Paula C. Austin: Coming of Age in Jim Crow DC: Navigating the Politics of Everyday Life builds on the emergence and growth of girlhood studies, while drawing from the contributions in theoretical framings and methodologies since Farah Jasmine Griffin, Mia Bay, Martha Jones, and Barbara Savage came together to produce Toward an Intellectual History of Black Women (2015). I hope to add to and further all of that work — by Marcia Chatelain and LaKisha Simmons, for example. Just as I was finishing the book, Saidiya Hartman’s Wayward Lives came out. My thinking about the sociological materials that formed the basis for my study had already been informed by her earlier works, but Wayward Lives really inspired me, as did Kevin Quashie’s work, to bring into relief epistemologies. What I hoped to do in Coming of Age was not just draw out the voices of Black poor and working class young people in Southwest Washington DC, but to hear and understand a sonic resonance of their thinking. The murders of so many Black young people, by police violence and otherwise, and the Movement for Black Lives were very present for me while I was writing this. The young Black people who were interviewed in the 1930s were so clear-voiced about their beliefs, about their thoughts and theorizations. They were sometimes suspicious of the motives of the interviewers, and were sometimes hesitant to answer the invasive and intimate questions. Nevertheless, they just as often were eager to share their ideas about contemporary political protests in DC, about racial segregation, conditions of poverty (really their understanding of racial capitalism), and stories about how they expertly navigated the contradictions of racial violence and discrimination in the national capital. This book is really about valuing young Black (urban) people’s ways of knowing — to see them as possessive of an inner life, an intellectual life, and interiority more generally, in contrast to the ways in which they have been and continue to be portrayed by some researchers, youth service professionals, policy makers, law enforcement, and the media.

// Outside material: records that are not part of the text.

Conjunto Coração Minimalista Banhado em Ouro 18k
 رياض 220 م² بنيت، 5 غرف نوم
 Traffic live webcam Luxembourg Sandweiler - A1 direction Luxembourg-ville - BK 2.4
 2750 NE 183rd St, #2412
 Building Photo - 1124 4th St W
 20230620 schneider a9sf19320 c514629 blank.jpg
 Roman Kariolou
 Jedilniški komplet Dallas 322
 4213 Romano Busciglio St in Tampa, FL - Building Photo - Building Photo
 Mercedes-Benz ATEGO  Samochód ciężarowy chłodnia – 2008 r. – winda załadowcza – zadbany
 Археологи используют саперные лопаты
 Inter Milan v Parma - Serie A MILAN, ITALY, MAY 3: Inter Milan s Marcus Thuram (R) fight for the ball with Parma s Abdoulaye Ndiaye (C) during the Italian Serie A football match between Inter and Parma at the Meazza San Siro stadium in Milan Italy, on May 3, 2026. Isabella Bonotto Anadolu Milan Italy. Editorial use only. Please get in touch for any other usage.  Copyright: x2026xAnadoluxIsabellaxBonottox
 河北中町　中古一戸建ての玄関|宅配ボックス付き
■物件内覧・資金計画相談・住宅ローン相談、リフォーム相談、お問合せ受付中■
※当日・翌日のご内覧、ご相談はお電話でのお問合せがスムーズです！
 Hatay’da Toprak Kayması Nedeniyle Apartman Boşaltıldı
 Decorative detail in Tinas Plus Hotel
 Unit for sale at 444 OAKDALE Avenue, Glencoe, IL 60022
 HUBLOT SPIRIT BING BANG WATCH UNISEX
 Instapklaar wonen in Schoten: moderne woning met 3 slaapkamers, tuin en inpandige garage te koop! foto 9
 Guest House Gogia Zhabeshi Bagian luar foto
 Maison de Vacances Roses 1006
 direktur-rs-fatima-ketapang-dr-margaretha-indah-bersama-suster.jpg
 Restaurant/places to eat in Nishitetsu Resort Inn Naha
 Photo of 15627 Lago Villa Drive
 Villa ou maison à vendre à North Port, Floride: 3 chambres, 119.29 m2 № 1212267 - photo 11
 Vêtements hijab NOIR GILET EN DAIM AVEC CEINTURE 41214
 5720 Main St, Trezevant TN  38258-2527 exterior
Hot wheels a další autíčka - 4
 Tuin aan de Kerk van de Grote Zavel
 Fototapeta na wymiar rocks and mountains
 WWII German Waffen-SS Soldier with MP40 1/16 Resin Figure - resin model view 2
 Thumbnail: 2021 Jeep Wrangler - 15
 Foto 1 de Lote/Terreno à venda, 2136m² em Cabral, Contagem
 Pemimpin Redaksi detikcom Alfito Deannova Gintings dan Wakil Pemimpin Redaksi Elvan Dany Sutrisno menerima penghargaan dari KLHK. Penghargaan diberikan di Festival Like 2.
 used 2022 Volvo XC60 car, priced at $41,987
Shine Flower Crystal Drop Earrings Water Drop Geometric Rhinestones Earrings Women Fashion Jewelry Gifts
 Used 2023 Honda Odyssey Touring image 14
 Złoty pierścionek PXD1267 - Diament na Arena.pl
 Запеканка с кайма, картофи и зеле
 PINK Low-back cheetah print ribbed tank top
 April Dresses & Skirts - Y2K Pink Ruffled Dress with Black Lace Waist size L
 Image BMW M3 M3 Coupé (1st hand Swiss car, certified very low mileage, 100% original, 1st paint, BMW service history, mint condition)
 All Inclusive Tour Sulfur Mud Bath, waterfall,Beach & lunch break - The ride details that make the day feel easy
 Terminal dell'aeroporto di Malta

In terms of where the field is headed, I’m deeply appreciative of the organizational efforts of AAIHS to expand and disrupt the historical constraints of intellectual history. The relationships I built at the first conference in Chapel Hill helped to ground me — in analytical methodologies and interdisciplinarity (training with a Latin Americanist and slavery studies scholars didn’t hurt of course). I am so grateful for all the support I received to produce this, and for the influences to my teaching — content and pedagogy. All of this new scholarship is really changing the game.